Comment dire à SAS de sélectionner toutes les observations pour lesquelles une variable donnée contient le mot CASTS ? L’opérateur logique LIKE, utilisable uniquement une condition exprimée par WHERE est fait pour ce travail. Voici donc 5 points à retenir sur LIKE que vous pourrez vous même vérifier à l’aide du data set founi en bas d’article dans la rubrique « Annexe » et des exemples de la section 2.
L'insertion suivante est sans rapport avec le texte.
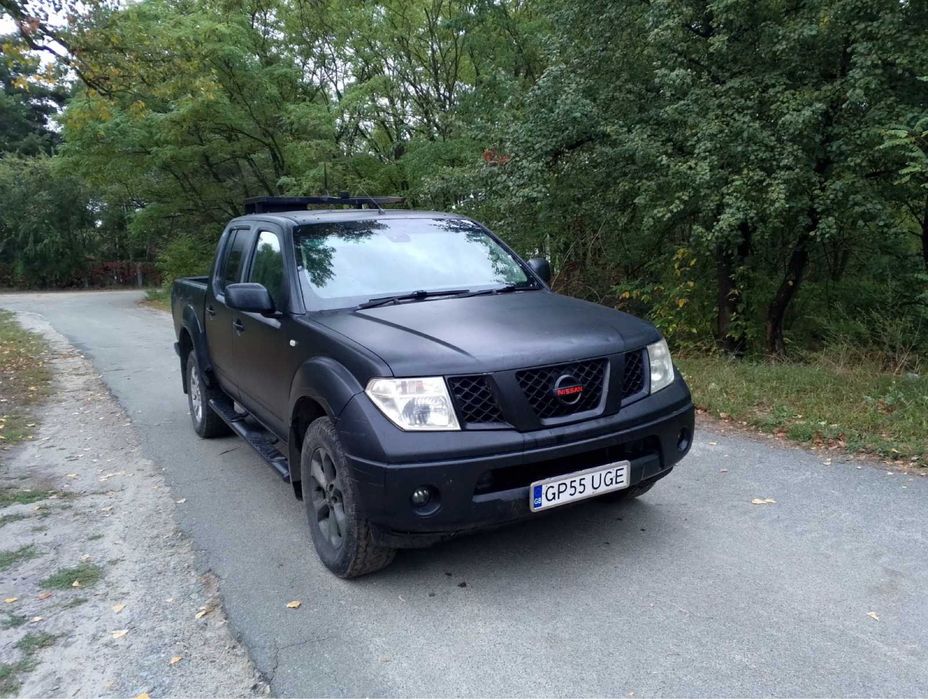 Автомобіль Пікапа Nissan Navara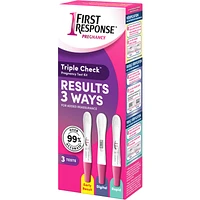 Triple Check Pregnancy Test Kit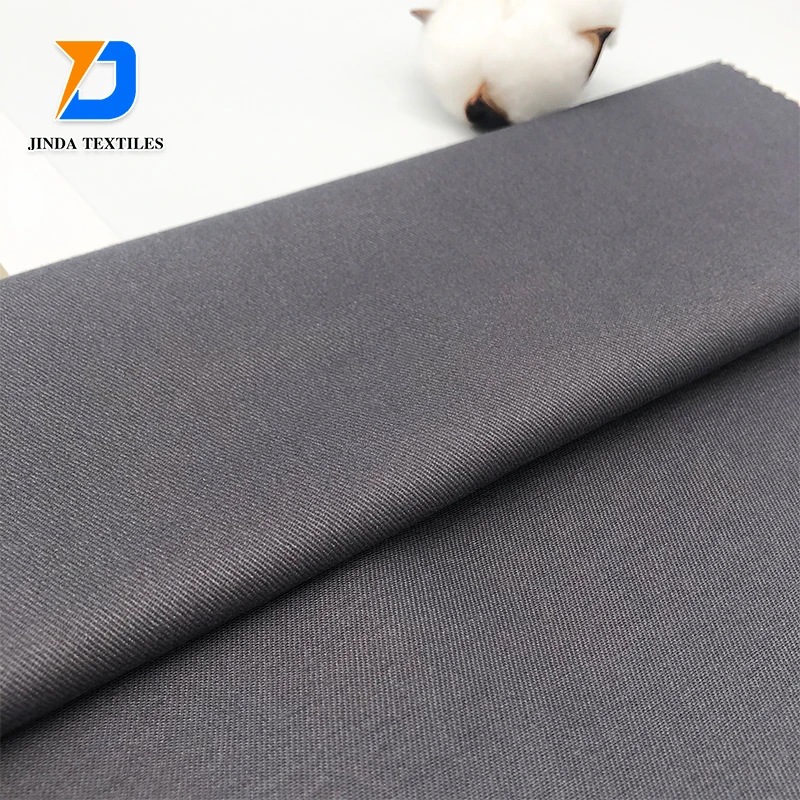Jinda Polyester  fabric uniforms textile printed cotton hospital shirting uniform 100 cotton fabrics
1. Les 5 points à retenir sur LIKE

1. Trouver un texte ayant une structure donnée : Le but de LIKE est de trouver, pour une variable donnée, toutes les observations ayant une structure particulière.
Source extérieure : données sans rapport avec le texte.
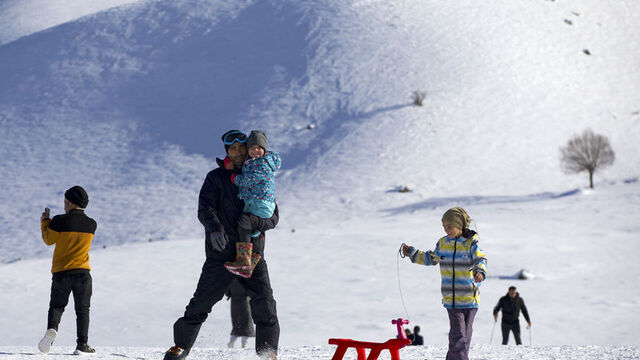 Anadolu buz kesti! Yağışlar azalıyor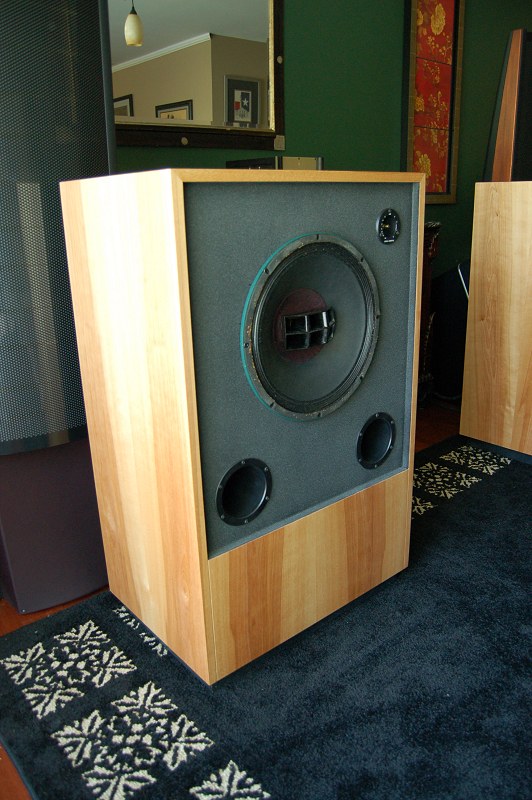 Custom 620 cabinets for some Altec 605B | Audiokarma Home Audio Stereo ...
2. Traiter des chaînes de caractères : LIKE s’applique à une chaîne de caractères et non à des valeurs numériques.

3. Autoriser un caractère libre : Le tiret bas (underscore : _) désigne qu’il faut absolutement un caractère à l’endroit où il est utilisé : ni plus ni moins.
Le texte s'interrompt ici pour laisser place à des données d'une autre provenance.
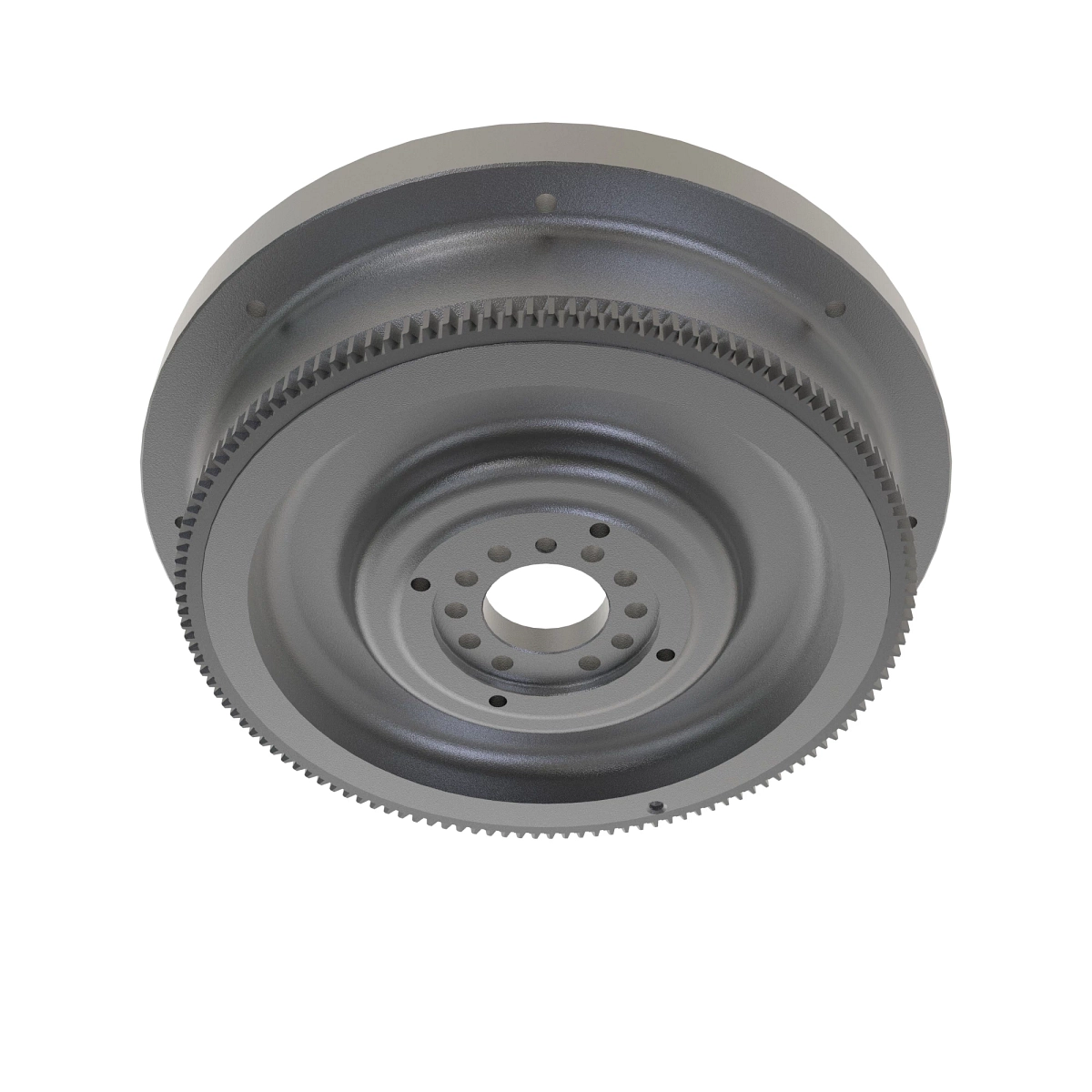 Flywheel, Statically Balanced Asse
4. Autoriser une chaîne de caractère libre : Le pourcentage (percent : %) accepte toute chaîne de caractère, quelque soit sa longueur, à l’endroit où le symbole apparaît. L’absence de caractère est aussi valide.

5. Appliquer LIKE dans un WHERE : LIKE s’utilise uniquement avec WHERE dans une étape data ou dans la procédure SQL. Il ne fonctionnera pas avec IF.

2. Quelques exemples

Un exemple avec les pourcentages : Dans ce premier exemple, on sélectionne toutes les lignes d’observations où la variable TEST_LAB contient le mot CASTS en majuscule. Il est possible de prendre une observation contenant du texte ou des blancs avant le mot CASTS et/ou après le mot CASTS.

data casts;
   set lab (where=(test_lab like '%CASTS%'));
run;

Pour prendre toutes les observations indépendamment de la case ajouter la fonction UPCASE autour du nom de la variable UPCASE(TEST_LAB) like…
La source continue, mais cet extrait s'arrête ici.